__Directions__: The records below need to be copied in full. Match them exactly.

☆ ☆ ☆

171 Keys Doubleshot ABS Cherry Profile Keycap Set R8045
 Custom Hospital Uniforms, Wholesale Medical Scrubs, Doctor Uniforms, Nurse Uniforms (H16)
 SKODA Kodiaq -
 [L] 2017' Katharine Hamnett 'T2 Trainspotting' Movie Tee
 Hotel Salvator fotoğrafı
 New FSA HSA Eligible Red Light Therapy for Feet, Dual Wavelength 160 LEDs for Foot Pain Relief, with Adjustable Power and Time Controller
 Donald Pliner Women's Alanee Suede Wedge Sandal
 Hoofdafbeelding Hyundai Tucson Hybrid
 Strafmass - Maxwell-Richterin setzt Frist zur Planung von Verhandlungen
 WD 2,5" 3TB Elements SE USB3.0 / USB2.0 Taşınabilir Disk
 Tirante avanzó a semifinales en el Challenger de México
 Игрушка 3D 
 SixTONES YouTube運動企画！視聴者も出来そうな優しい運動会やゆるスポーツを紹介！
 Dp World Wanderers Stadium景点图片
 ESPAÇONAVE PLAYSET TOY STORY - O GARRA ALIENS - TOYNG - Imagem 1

☆ ☆ ☆

__Task result__:
171 Keys Doubleshot ABS Cherry Profile Keycap Set R8045
 Custom Hospital Uniforms, Wholesale Medical Scrubs, Doctor Uniforms, Nurse Uniforms (H16)
 SKODA Kodiaq -
 [L] 2017' Katharine Hamnett 'T2 Trainspotting' Movie Tee
 Hotel Salvator fotoğrafı
 New FSA HSA Eligible Red Light Therapy for Feet, Dual Wavelength 160 LEDs for Foot Pain Relief, with Adjustable Power and Time Controller
 Donald Pliner Women's Alanee Suede Wedge Sandal
 Hoofdafbeelding Hyundai Tucson Hybrid
 Strafmass - Maxwell-Richterin setzt Frist zur Planung von Verhandlungen
 WD 2,5" 3TB Elements SE USB3.0 / USB2.0 Taşınabilir Disk
 Tirante avanzó a semifinales en el Challenger de México
 Игрушка 3D 
 SixTONES YouTube運動企画！視聴者も出来そうな優しい運動会やゆるスポーツを紹介！
 Dp World Wanderers Stadium景点图片
 ESPAÇONAVE PLAYSET TOY STORY - O GARRA ALIENS - TOYNG - Imagem 1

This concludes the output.